Augustine won the support of the Bishop of Rome and the Western Roman Emperor, and Pelagius and his followers were condemned at a series of church councils.
The Pilgrim Fathers
Throughout Elizabeth I's time there were puritans protesting that the Protestant church of England was still too Catholic, and separatists – extreme puritans who quit the Church of England and set up their own illegal underground churches.
They were constantly imprisoned and released, and after decades their leaders started to get executed. Several congregations quit England for the Netherlands, where they lived in poverty, split up from each other.

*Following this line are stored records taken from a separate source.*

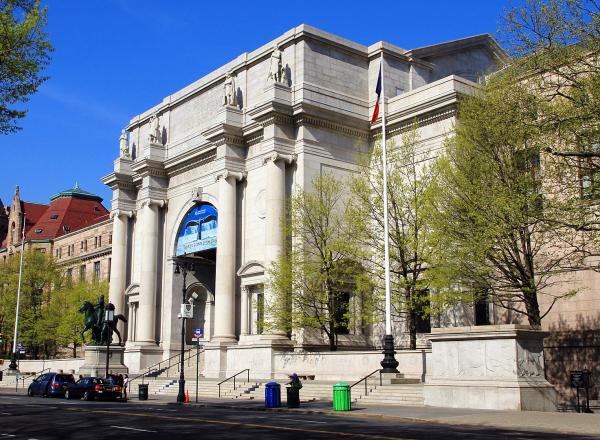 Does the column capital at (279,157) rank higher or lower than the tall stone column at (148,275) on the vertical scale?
higher

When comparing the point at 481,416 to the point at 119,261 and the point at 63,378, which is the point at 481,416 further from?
the point at 119,261

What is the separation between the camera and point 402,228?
132ft

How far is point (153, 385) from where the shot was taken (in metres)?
48.3

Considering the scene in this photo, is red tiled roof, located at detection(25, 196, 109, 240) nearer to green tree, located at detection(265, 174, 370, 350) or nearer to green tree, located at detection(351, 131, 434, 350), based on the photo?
green tree, located at detection(265, 174, 370, 350)

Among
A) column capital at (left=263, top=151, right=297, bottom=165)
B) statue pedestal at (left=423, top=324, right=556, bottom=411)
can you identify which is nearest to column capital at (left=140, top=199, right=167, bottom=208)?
column capital at (left=263, top=151, right=297, bottom=165)

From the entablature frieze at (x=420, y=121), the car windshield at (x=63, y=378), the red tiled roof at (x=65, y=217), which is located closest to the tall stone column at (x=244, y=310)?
the car windshield at (x=63, y=378)

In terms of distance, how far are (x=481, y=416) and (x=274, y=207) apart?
25.0 meters

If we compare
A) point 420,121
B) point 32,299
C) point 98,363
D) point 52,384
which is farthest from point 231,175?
point 32,299

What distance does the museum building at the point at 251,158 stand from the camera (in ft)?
154

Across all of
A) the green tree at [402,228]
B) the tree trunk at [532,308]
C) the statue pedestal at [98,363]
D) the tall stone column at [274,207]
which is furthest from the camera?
the statue pedestal at [98,363]

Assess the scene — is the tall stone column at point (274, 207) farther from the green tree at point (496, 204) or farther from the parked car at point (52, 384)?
the green tree at point (496, 204)


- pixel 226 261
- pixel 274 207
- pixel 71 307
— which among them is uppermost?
pixel 274 207

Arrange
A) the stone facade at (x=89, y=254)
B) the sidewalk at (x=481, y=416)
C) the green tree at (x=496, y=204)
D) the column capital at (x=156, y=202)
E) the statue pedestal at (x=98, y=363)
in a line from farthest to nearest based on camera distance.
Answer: the stone facade at (x=89, y=254)
the column capital at (x=156, y=202)
the statue pedestal at (x=98, y=363)
the green tree at (x=496, y=204)
the sidewalk at (x=481, y=416)

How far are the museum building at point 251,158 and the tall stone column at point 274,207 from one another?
7 cm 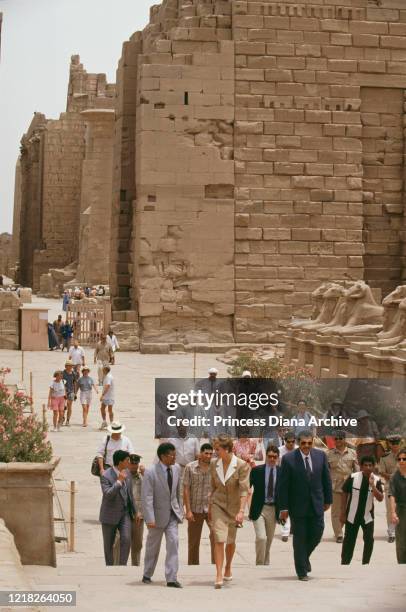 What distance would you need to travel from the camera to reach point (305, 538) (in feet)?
28.0

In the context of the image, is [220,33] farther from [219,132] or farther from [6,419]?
[6,419]

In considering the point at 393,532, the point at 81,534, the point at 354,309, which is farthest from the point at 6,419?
the point at 354,309

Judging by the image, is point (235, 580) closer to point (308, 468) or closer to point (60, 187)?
point (308, 468)

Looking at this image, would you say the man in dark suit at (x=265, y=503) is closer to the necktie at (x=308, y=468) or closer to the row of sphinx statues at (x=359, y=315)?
the necktie at (x=308, y=468)

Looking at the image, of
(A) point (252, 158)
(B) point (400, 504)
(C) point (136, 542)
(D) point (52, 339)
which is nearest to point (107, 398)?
(C) point (136, 542)

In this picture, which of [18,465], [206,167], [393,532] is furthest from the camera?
[206,167]

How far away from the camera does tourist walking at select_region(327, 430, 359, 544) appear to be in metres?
10.4

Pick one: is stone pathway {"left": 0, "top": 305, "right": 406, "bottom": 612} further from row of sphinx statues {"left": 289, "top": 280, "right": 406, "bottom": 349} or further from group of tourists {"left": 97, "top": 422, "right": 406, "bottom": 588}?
row of sphinx statues {"left": 289, "top": 280, "right": 406, "bottom": 349}

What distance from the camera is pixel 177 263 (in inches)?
1032

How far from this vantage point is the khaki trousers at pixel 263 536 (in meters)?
9.23

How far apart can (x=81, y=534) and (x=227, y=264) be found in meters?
16.2

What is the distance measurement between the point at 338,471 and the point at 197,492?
5.73 ft

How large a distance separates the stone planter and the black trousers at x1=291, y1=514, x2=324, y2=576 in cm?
Answer: 175

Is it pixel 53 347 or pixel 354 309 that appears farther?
pixel 53 347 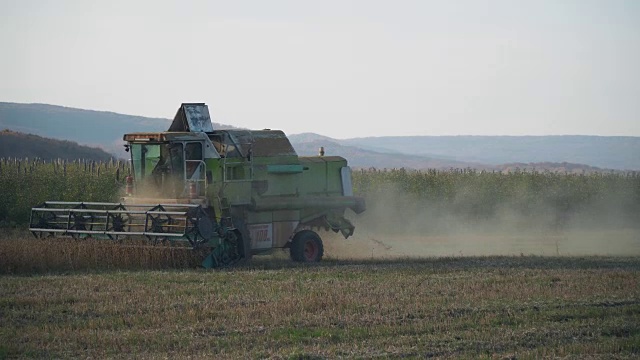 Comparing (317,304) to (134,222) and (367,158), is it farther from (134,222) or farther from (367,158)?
(367,158)

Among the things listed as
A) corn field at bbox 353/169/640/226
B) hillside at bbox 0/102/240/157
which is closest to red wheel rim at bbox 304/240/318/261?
corn field at bbox 353/169/640/226

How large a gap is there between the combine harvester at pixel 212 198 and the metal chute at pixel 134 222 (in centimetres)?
2

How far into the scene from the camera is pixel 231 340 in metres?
12.3

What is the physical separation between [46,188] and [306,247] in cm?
1598

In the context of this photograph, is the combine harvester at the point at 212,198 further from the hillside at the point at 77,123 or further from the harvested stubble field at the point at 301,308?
the hillside at the point at 77,123

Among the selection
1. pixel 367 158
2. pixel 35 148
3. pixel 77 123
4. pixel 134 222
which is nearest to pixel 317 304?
pixel 134 222

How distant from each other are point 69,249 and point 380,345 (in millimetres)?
10406

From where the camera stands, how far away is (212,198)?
21.5 meters

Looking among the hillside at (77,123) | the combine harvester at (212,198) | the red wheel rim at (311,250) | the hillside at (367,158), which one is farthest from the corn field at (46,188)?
the hillside at (77,123)

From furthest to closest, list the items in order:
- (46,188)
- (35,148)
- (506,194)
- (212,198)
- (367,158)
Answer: (367,158) < (35,148) < (506,194) < (46,188) < (212,198)

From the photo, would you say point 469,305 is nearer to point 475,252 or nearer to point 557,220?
point 475,252

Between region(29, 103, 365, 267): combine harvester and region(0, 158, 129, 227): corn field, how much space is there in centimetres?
1197

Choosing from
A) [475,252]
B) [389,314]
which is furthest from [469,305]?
[475,252]

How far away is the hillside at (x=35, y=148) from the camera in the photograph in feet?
260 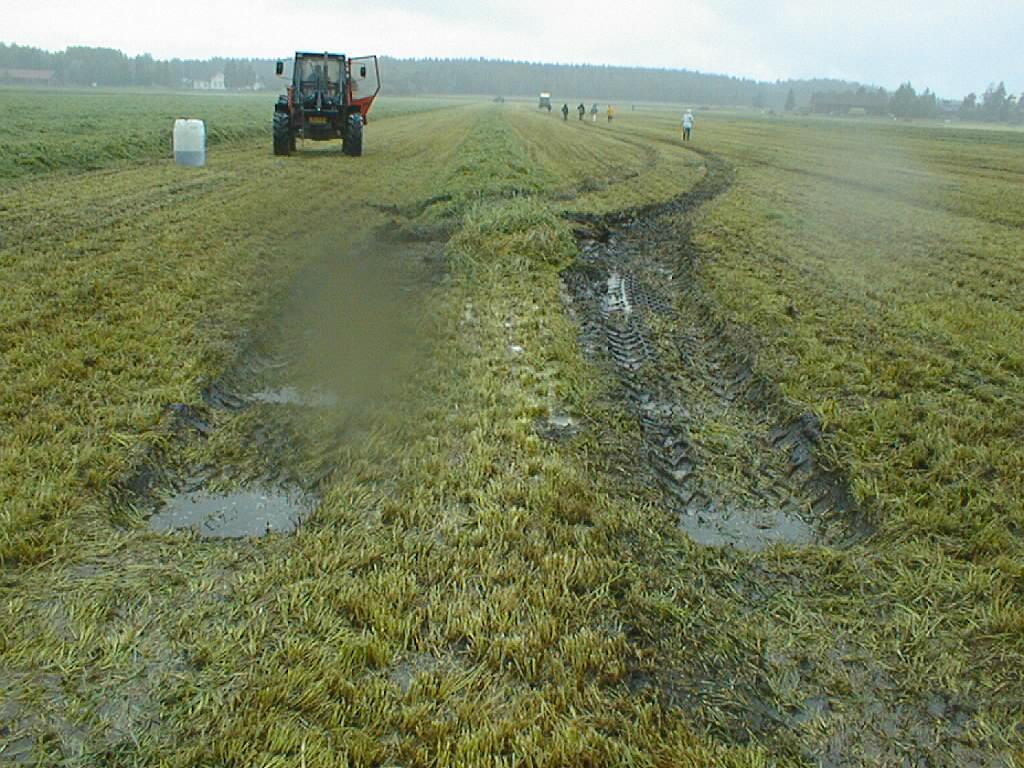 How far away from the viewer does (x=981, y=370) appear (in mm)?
5762

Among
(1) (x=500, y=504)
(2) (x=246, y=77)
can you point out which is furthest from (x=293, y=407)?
(2) (x=246, y=77)

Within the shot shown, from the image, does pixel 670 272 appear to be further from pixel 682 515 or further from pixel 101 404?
pixel 101 404

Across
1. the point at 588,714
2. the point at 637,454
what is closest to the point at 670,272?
the point at 637,454

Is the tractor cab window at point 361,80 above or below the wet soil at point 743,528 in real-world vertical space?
above

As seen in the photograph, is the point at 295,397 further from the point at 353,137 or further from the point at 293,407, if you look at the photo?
the point at 353,137

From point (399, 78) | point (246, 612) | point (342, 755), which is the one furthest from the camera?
point (399, 78)

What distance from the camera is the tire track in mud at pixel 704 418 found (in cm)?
404

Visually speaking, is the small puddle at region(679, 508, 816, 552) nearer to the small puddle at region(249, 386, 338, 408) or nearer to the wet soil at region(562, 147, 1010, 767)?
the wet soil at region(562, 147, 1010, 767)

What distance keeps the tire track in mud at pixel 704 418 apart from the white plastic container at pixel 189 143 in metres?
11.3

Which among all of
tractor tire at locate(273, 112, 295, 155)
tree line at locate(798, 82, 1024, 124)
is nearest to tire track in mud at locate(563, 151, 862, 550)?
tractor tire at locate(273, 112, 295, 155)

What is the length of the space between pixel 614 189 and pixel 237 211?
8258mm

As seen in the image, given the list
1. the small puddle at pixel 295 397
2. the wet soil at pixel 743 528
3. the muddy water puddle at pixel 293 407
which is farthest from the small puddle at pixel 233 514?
the wet soil at pixel 743 528

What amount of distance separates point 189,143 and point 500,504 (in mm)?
15537

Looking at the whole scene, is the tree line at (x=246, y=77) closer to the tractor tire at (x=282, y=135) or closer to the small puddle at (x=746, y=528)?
the tractor tire at (x=282, y=135) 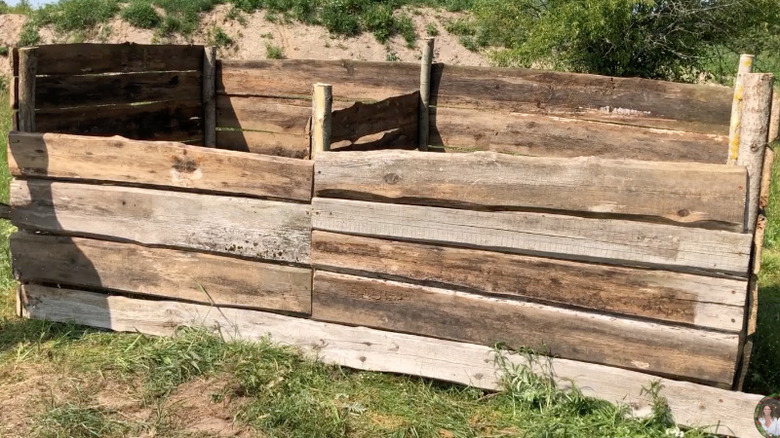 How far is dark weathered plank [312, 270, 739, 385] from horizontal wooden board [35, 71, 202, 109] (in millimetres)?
2475

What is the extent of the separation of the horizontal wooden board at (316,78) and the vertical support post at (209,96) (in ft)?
0.25

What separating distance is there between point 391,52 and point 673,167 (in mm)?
14259

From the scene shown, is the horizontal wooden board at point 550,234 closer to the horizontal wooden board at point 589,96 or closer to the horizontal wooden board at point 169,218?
the horizontal wooden board at point 169,218

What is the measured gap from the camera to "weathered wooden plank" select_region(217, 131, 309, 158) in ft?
23.8

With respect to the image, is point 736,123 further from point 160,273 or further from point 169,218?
point 160,273

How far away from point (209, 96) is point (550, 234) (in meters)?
4.25

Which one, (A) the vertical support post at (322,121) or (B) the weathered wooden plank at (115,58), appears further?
(B) the weathered wooden plank at (115,58)

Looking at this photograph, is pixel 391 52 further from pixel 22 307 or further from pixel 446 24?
pixel 22 307

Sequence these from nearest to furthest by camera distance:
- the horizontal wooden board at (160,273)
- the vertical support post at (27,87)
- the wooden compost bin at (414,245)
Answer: the wooden compost bin at (414,245) → the horizontal wooden board at (160,273) → the vertical support post at (27,87)

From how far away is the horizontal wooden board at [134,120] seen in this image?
18.9 feet

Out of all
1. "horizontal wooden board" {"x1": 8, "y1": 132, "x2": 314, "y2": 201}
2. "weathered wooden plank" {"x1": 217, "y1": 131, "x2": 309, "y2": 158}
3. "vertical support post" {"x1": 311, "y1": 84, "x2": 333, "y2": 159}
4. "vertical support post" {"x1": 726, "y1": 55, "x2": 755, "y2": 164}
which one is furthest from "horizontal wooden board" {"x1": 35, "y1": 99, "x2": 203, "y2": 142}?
"vertical support post" {"x1": 726, "y1": 55, "x2": 755, "y2": 164}

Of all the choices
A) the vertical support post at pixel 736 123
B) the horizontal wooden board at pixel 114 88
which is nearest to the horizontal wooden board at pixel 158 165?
the horizontal wooden board at pixel 114 88

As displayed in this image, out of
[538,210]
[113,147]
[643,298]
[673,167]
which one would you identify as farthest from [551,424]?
[113,147]

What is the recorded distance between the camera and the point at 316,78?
7.17 meters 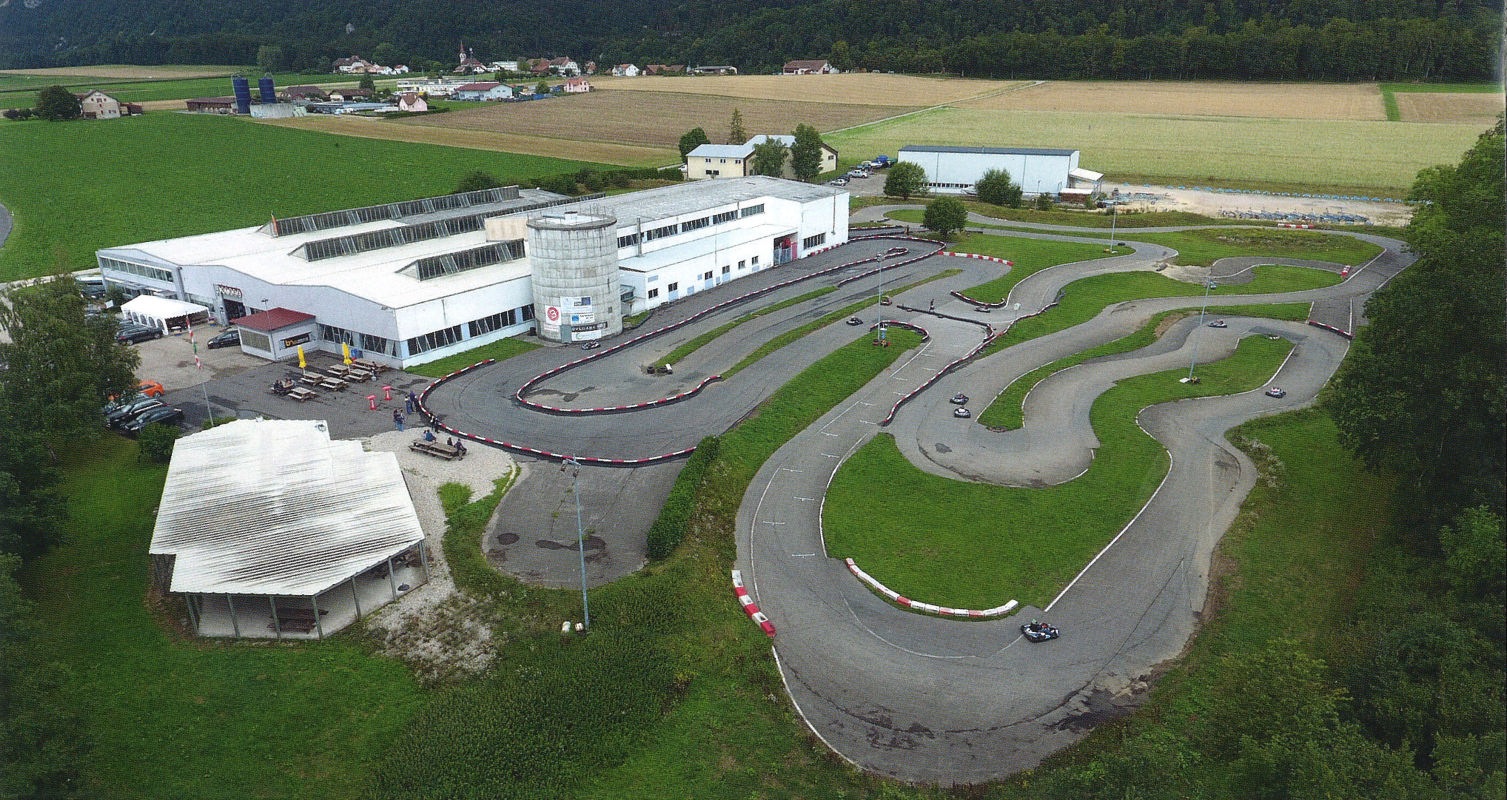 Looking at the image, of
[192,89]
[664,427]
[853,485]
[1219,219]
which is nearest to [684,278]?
[664,427]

Some became the first Baptists and returned to England to die for their faith, some joined Dutch churches, and some took a leaf out of the Old Testament and in 1620 made an exodus to the promised land of North America.
Panacea Society
The Panacea Society is a group of followers of Joanna Southcott, a prophet who died in 1814 after claiming to have given birth to the invisible Messiah.
The Panacea guard a box of her prophecies about the end of the world, which may only be opened when all bishops of the Church of England assemble for the purpose.
Plymouth Brethren
Named after their first British fellowship, although their earliest roots were in Dublin, the Brethren were supposed to be an antidote to all the competing denominations of 19th-century Britain.
Open to holy believers of every denomination, they discarded many of the trappings of other churches, including clergy, and aimed to be as inclusive as possible.
In time they became another denomination, several denominations, in fact, in the shape of Exclusive Brethren, one of the least inclusive on offer.
Quakers
The Quakers were the most successful of the many sects to arise dung the 17th-century English revolution.
Believing that every person has the light of God inside them, they saw the church and the Bible as largely superfluous, and were scandalously egalitarian, refusing to doff hats or speak deferentially to their social betters.
In later years, this made slavery especially abhorrent to them, and they were pioneers in opposing the slave trade and abolishing slavery.
Reformation
The greatest religious split in British history is probably also the least religious.
Although there were certainly some Protestants in England when the Church of England split from, the country was seen as one of the most solidly Catholic in Europe, the Poland of its day.
Henry VIII had been awarded the title "Defender of the Faith" by the Pope for his attack on Martin Luther's theology.
But desperately needing a son to secure a peaceful succession, Henry started looking for a religion that would allow him to divorce Queen Catherine, and the rest is 16th-century religious history.
John Robinson
John Robinson was a puritan minister who left the Church of England to lead a separatist church in Nottinghamshire.
In 1607 they escaped to the Netherlands to escape persecution, though on the first attempt their ship got stuck in mud and they were arrested.
He wrote prolifically against the Church of England, and it was Robinson' s followers who travelled to America on the Mayflower, although he stayed behind because they were a minority of the church.
In his farewell speech he told them not necessarily to stick to what he had taught them, but to be "willing to embrace further light".